[DATA EXTRACT]

####

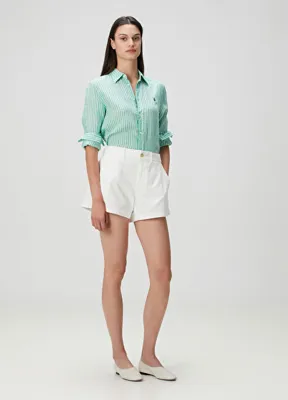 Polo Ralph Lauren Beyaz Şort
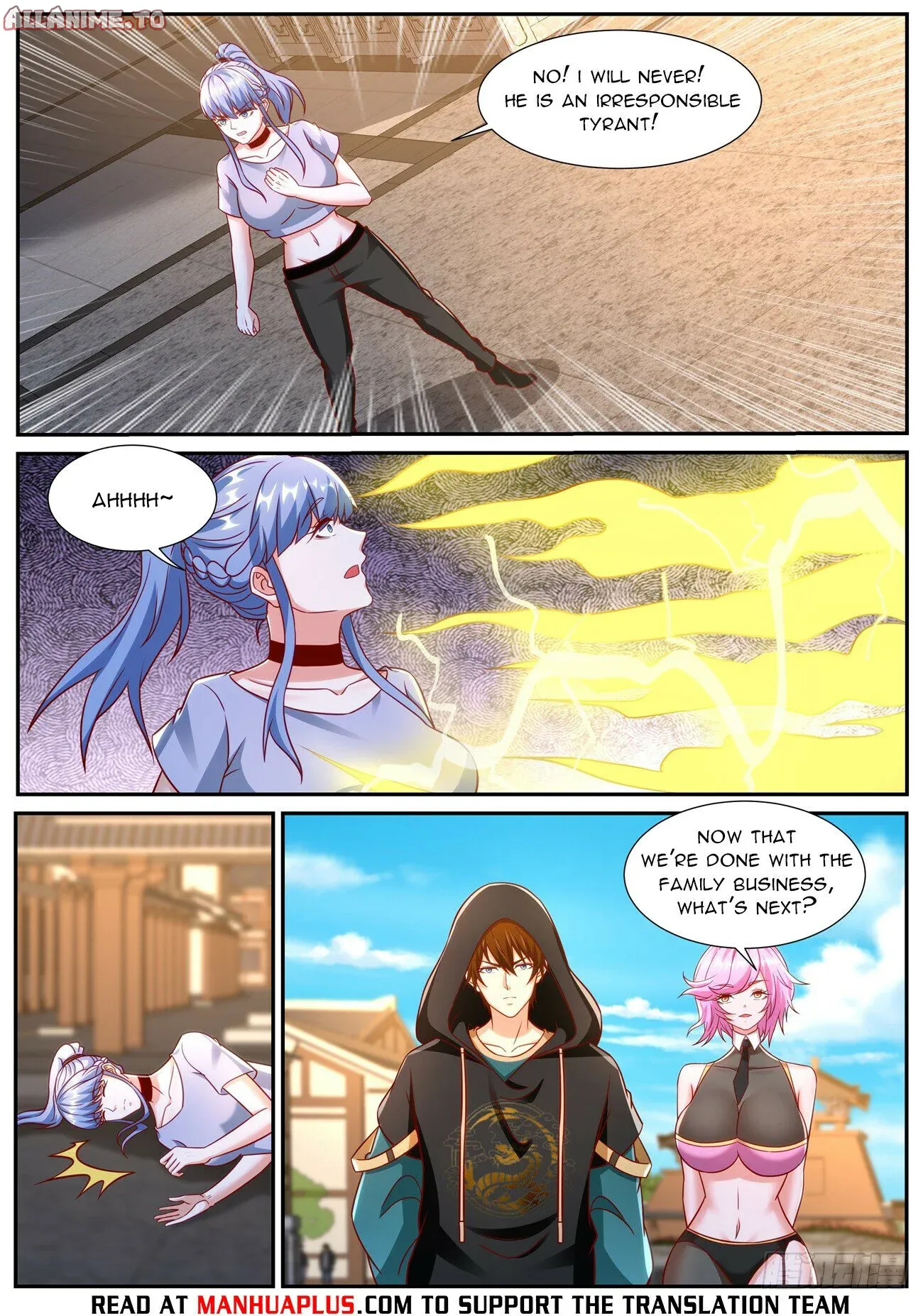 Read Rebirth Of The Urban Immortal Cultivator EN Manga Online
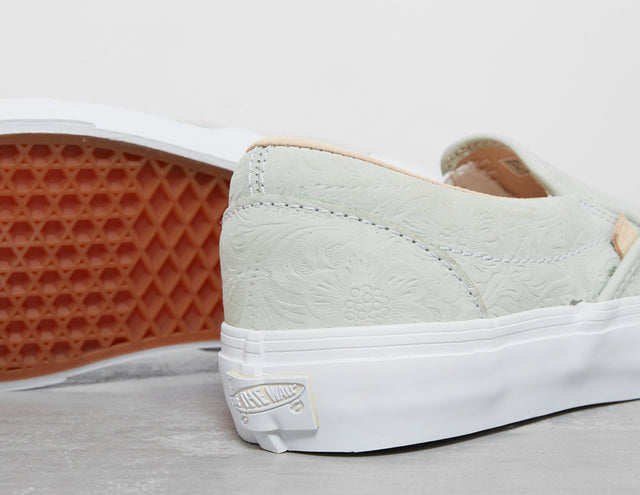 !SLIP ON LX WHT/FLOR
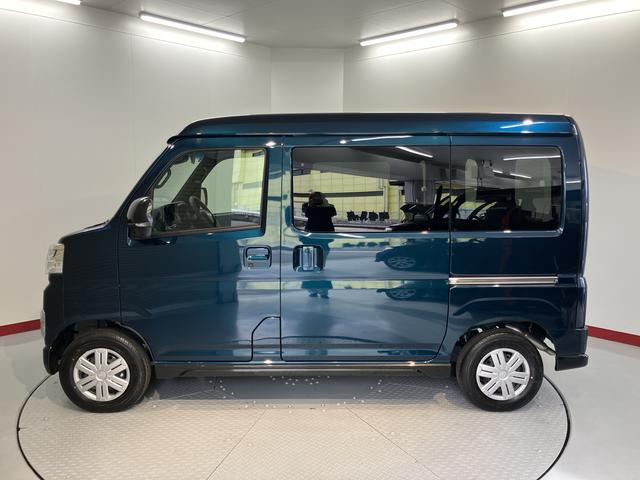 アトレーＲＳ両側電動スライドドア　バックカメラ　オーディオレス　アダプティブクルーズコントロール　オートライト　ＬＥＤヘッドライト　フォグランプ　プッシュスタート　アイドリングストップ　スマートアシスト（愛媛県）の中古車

####

[WHAT NEEDS TO BE DONE] Type out the data above once more, exactly, with no images included.

[SOLUTION TO THE PROBLEM]
 Polo Ralph Lauren Beyaz Şort
 Read Rebirth Of The Urban Immortal Cultivator EN Manga Online
 !SLIP ON LX WHT/FLOR
 アトレーＲＳ両側電動スライドドア　バックカメラ　オーディオレス　アダプティブクルーズコントロール　オートライト　ＬＥＤヘッドライト　フォグランプ　プッシュスタート　アイドリングストップ　スマートアシスト（愛媛県）の中古車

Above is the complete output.